## EXERCISE BRIEF:
In this exercise, the entries below include pictures. Repeat exactly the lines from the line with "Araneus detrimentosus" to the line with "Viola cornuta - Gele", including both, but without the pictures.

## EXERCISE INPUTS:
****************************************

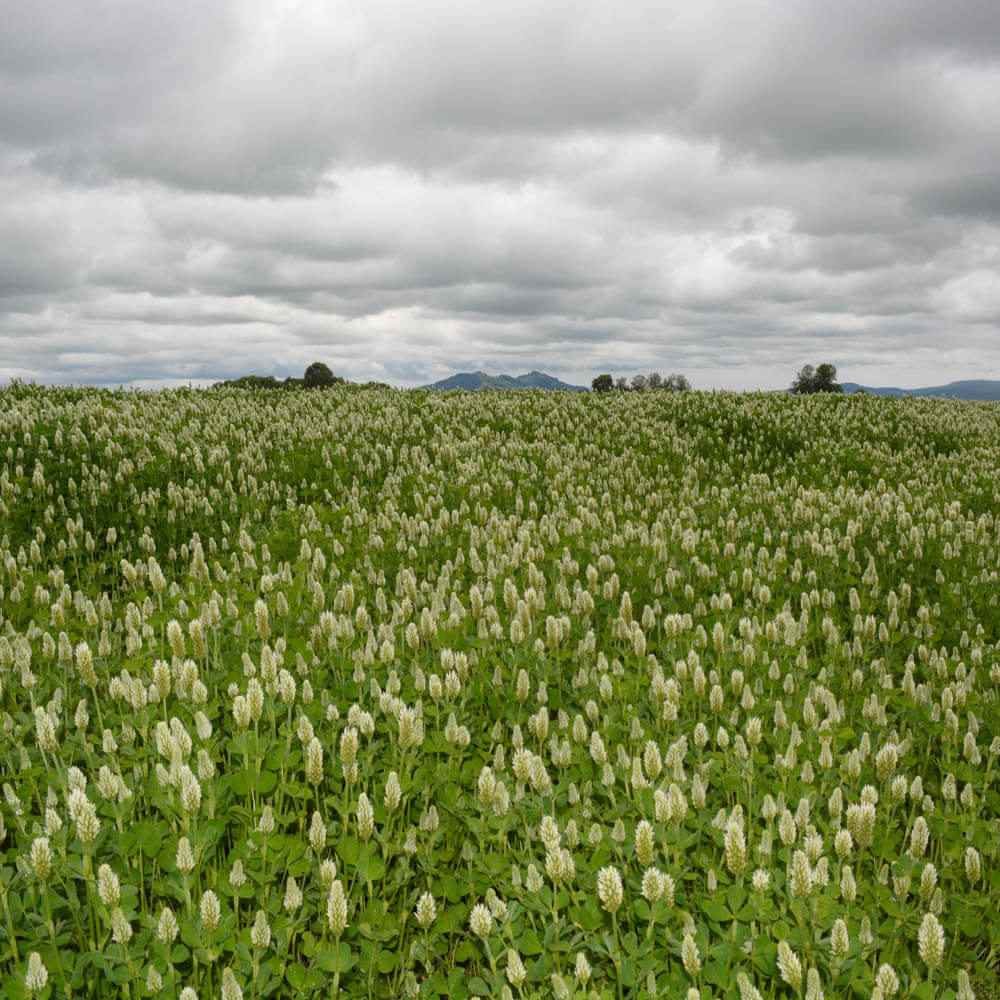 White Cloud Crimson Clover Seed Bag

****************************************

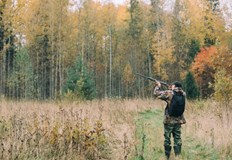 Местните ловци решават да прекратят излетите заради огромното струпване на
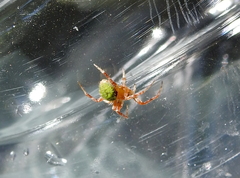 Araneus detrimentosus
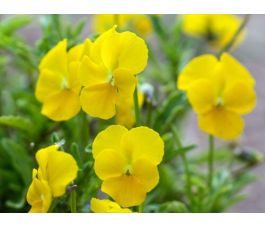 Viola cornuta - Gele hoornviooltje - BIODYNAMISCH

****************************************

## WRITTEN SOLUTION:
 Araneus detrimentosus
 Viola cornuta - Gele hoornviooltje - BIODYNAMISCH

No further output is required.